In BlueConic, a Product or Content Collector can be used to add items to a product or content store that can then be used for creating personalized recommendations. Since the principles of these two connections are almost the same, they will be both covered in this article.
Data flow
The underlying principle of a BlueConic collector is that if content is already available on a channel, it can be used to fill the store. New product or article pages can automatically be detected when visitors are on the page.
Note: For each collector, a store is created. This makes it possible to have different stores for different brands.
The data flow can be pictured above and described as follows (with the Product Collector used as an example):
- The BlueConic script is loaded on the webpage and the Product Collector is configured for the channel, which contains the logic of how each attribute should be scraped. In this step, the following checks are applied (when it doesn’t meet the criteria, a log message is shown in the console like "Item will not be scraped due to missing URL"): - The ID, name, and URL have a value 
- The URL starts with “http://” or “https://” 
- The type matches “product” for the Product Collector or “article” for the Content Collector 
- When it concerns a Content Collector, the publicationDate should have a value 
- When an attribute is set to required, the configuration should result in a value 
 
- When a valid product page is detected, a hash is created to check if the content on the webpage has been changed. A view event is thrown by providing the item ID, URL, and hash. - Note: The view event is also used as input for the recommendation engine. For example, to determine viral products. 
 
- When the hash is changed or the item is not yet in the store, the item is added to the queue. 
- The batch part of the collector retrieves the items from the queue. This process runs every 3 minutes. 
- For each item in the queue, the HTML is retrieved. Based on this HTML and the configuration of the connection, the values for the defined attributes are determined. - Note: All of the server-side rendered HTML is available for calculating custom attribute values. 
 
- The output is a product item stored in the product store. The created items appear in the connection interface under “Most recent collected items.” 
Note: The client-side part of the connection has built-in 404 (page not found) detection. This detection mechanism checks for 404 candidates by parsing for values like not found, sorry, and 404 in the page title and description. When found, a HEAD request is created to see what the response code is. Typically, the response is that the product or article has been removed and the page is added to the queue for removal from the store.
Default implementation
The metadata of a page can be determined by combining the data that is available in JSON-LD, RFDa, and microdata. Product and Content Collectors in BlueConic have the metadata field options listed in the table below. Most fields are captured correctly using the “default” logic rules, which are as follows:
| Attribute | Logic | 
| ID | 
 | 
| Name | 
 | 
| Description | 
 | 
| Image | 
 An extra check is applied where the last part of the image URL has to contain .jpg, .jpeg, .gif, .png or .bmp. | 
| URL | 
 | 
| Publication date | 
 | 
| Type | 
 | 
| Categories | 
 | 
| Text | No default implementation | 
| Price | 
 | 
| In stock | 
 The outcome will be matched against the following words: outofstock, oos, soldout, discontinued, or out of stock. 

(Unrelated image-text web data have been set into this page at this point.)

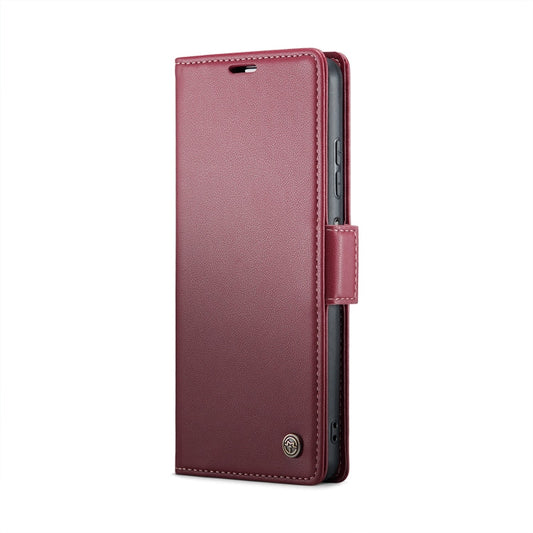 Pour Xiaomi Redmi Note 13 5G Étui Caseme 023 Boucle Papillon Texture Litchi RFID Antivol en Cuir (Rouge Vin)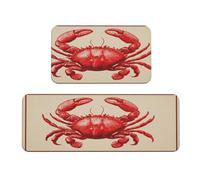 Woshuwo Set di 2 tappeti da cucina vintage con contorno di granchio rosso su sfondo beige, antiscivolo, tappeto per lavanderia, cucina, arredamento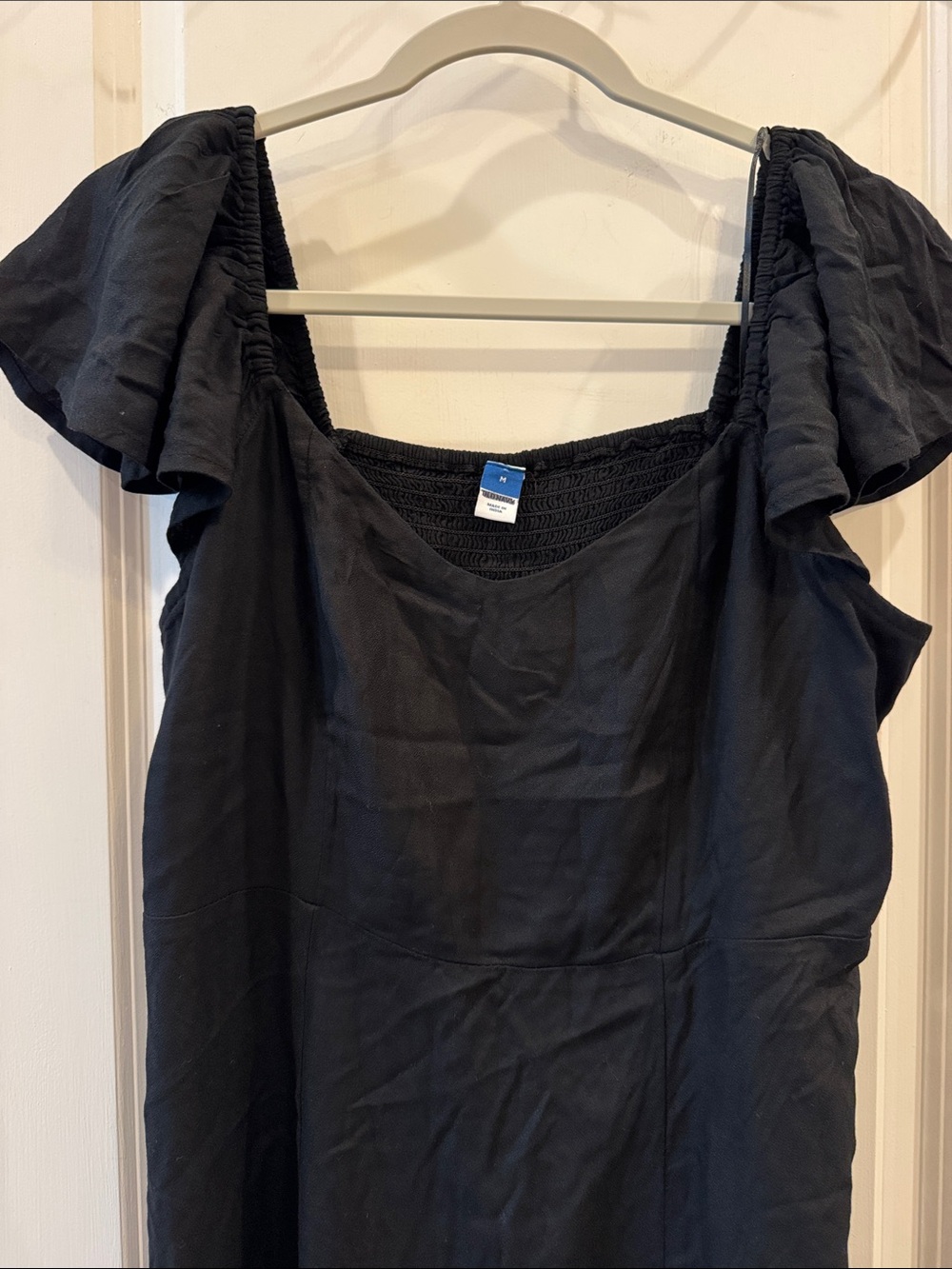 Old Navy short sleeve fit & flare midi dress in black jack color - Picture 5 of 12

 If one of the words is in the text, in stock is set to false. Otherwise, it is set to true. | 
Limitations
When using Product and Content Collectors, keep the following limitations in mind:
- The BlueConic scraper for Content Collectors can only access the page source code. To collect metadata correctly, the scraper requires access to meta tags or properly formatted JSON-LD data. 

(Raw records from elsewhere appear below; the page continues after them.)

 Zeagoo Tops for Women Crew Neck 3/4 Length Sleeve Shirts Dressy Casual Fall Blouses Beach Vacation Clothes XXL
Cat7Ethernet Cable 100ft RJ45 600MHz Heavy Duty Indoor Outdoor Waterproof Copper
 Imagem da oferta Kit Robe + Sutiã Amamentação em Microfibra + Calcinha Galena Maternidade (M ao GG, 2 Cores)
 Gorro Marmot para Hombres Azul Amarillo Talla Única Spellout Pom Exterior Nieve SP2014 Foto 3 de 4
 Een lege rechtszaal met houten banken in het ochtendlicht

- Any content contained within - <script>or- <style>tags is stripped from the page and cannot be collected.
Removing items from a Content or Product Store
By default, part of the batch process of a collector is removing older items from the store. If the store is more than 95% filled, then a maximum of 5% of the least viewed items which are older than a week are removed. After this, the queue will be read following the process above.
Importing products using SFTP
An alternative way to populate a product store in BlueConic is to fill it based on a feed from a product information (PIM) system. This gives you more control over the products being added to the store and also provides extra metadata that may not be available on the web.
To do this, use the Product Connection (SFTP) which contains the following flow:
- Based on the selected files (filename may contain a wildcard), get files which have a last modified date which is later than the previous run date. When the settings are changed (for example a setting in the mapping), all files will be picked up (expect the .done files). 
- Every CSV file will be parsed and translated to a product based on the mapping step. 
- The product is stored in the product store, which is automatically created when the connection is set up. 
- Optional: There is a cleanup mechanism for this connection that allows you to remove items based on simply configurable rules. This cleanup is executed before importing the newest files. 
- Optional: This connection also makes it possible to add extra data points that can be used in mapping. Therefore, if the CSV files contain extra metadata, you need to add the extra fields first.